Des "mécanismes qui obligeraient" une entreprise "à produire sur le sol européen" si elle veut pénétrer ce marché : c’est ce que propose le secrétaire d'Etat à l'Industrie Christophe Sirugue pour faire face à la concurrence ferroviaire chinoise.
L'industrie ferroviaire française a-t-elle encore des perspectives ?
Christophe Sirugue et le secrétaire d'Etat aux Transports Alain Vidalies réunissent le comité stratégique de la filière ferroviaire lundi 5 décembre 2016. Il y sera notamment question du groupe Alstom (qui possède trois sites en Bourgogne-Franche-Comté)."Il n'y a pas de fatalité, notre industrie ferroviaire a de vraies perspectives si elle sait s'adapter aux enjeux", souligne Christophe Sirugue dans une interview au quotidien économique Les Echos. "Nous sommes confrontés à une concurrence chinoise très pressante.
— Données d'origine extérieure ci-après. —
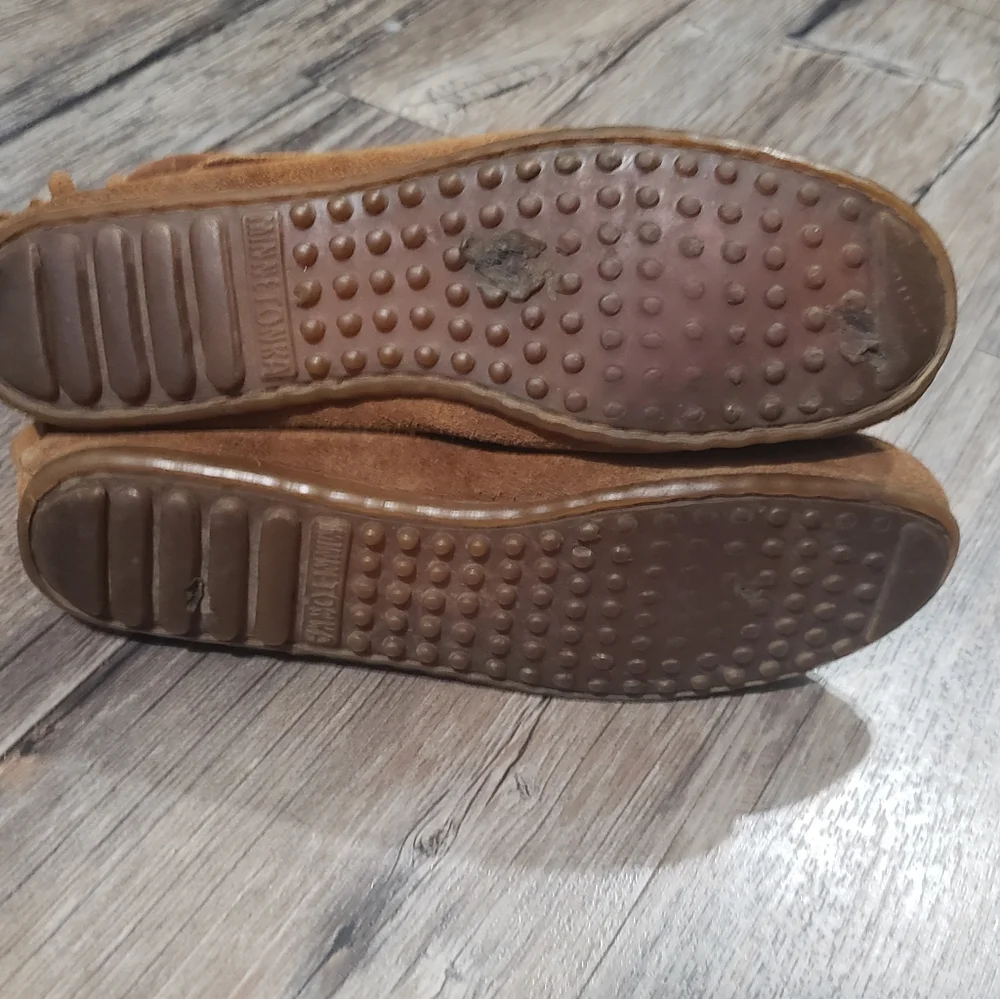 Minnetonka moccasins boot - Picture 6 of 6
Le groupe CRRC (le géant du rail chinois China Railway Construction Corp.) pèse plus à lui seul que Siemens, Alstom et Bombardier réunis, et il vient de faire l'acquisition de la partie ferroviaire du tchèque Skoda", souligne-t-il. "Nous ne pouvons pas ignorer ce risque", et voir l'industriel chinois se servir de sa nouvelle filiale tchèque comme cheval de Troie pour pénétrer le marché européen.
Face à cela, "de la même manière que l'on a réfléchi sur les actions à entreprendre contre la concurrence déloyale de l'acier chinois, nous devons nous poser la question, à l'échelle européenne, des outils qui pourraient préserver les capacités de production
de nos entreprises ferroviaires", avance Christophe Sirugue.
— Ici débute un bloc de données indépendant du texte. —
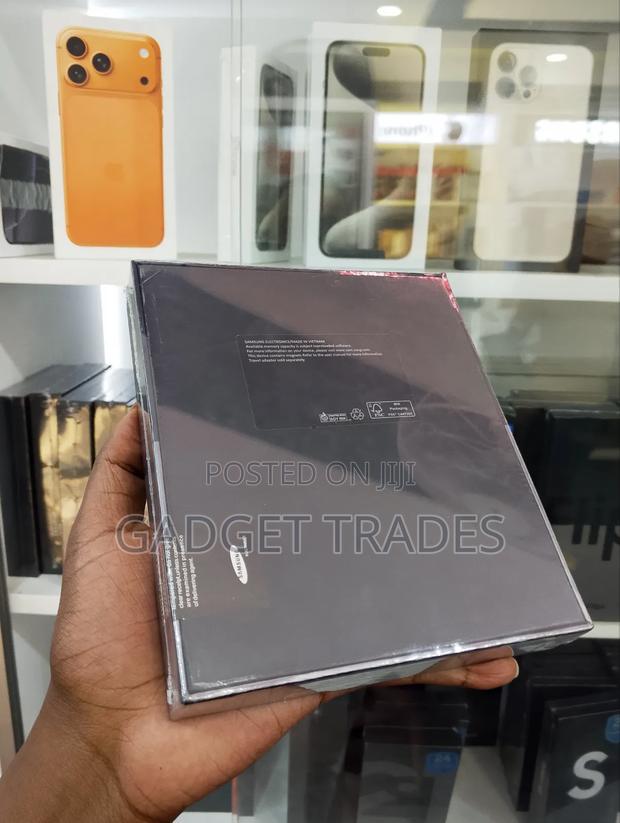 New Samsung Galaxy Z Fold4 256 GB Black - thumbnail 2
"Je ne suis pas un adepte de la naïveté"
"Je ne suis pas un adepte du protectionnisme, mais je ne suis pas non plus un adepte de la naïveté. A InnoTrans (le salon mondial du secteur, NDLR), en septembre, j'ai pu constater que les Allemands partageaient les mêmes interrogations", dit le secrétaire d'Etat. "Des mécanismes à l'échelle européenne qui obligeraient, quelle que soit la nationalité de l'entreprise, à fabriquer sur le sol européen pourraient être une forme de réponse intéressante, de la même manière qu'il existe un « Buy American Act » aux Etats-Unis ou des obligations de produire localement en Inde", indique-t-il."Si nous n'ouvrons pas ce débat, nous serons vulnérables", assure Christophe Sirugue.
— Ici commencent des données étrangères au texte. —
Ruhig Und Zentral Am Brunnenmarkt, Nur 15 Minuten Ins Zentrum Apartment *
Quel est l'enjeu pour le groupe Alstom ?
Le groupe Alstom emploie 9 000 salariés en France, répartis sur douze sites, dont un en Saône-et-Loire. L’usine du Creusot est le centre d’expertise et de référence pour les bogies de trains, locomotives, tramways et métros. Le site de Bourgogne emploie plus de 650 personnes. Alstom possède aussi deux sites en Franche-Comté, l’un à Ornans dans le Doubs et l’autre à Belfort, dans le Territoire de Belfort.En septembre, le constructeur Alstom avait invoqué un calendrier de commandes insuffisant dans l'Hexagone. Le groupe avait annoncé l'arrêt prochain de la production de trains dans son usine historique de fabrication du TGV, ainsi que le transfert de l'activité vers le site alsacien de Reichshoffen. Critiqué pour ne pas avoir assez agi contre la désindustrialisation du pays, le gouvernement avait dès lors engagé des discussions tous azimuts pour empêcher la fermeture du site. Début octobre, il avait annoncé plusieurs centaines de millions d'euros de commandes de trains et locomotives pour Alstom.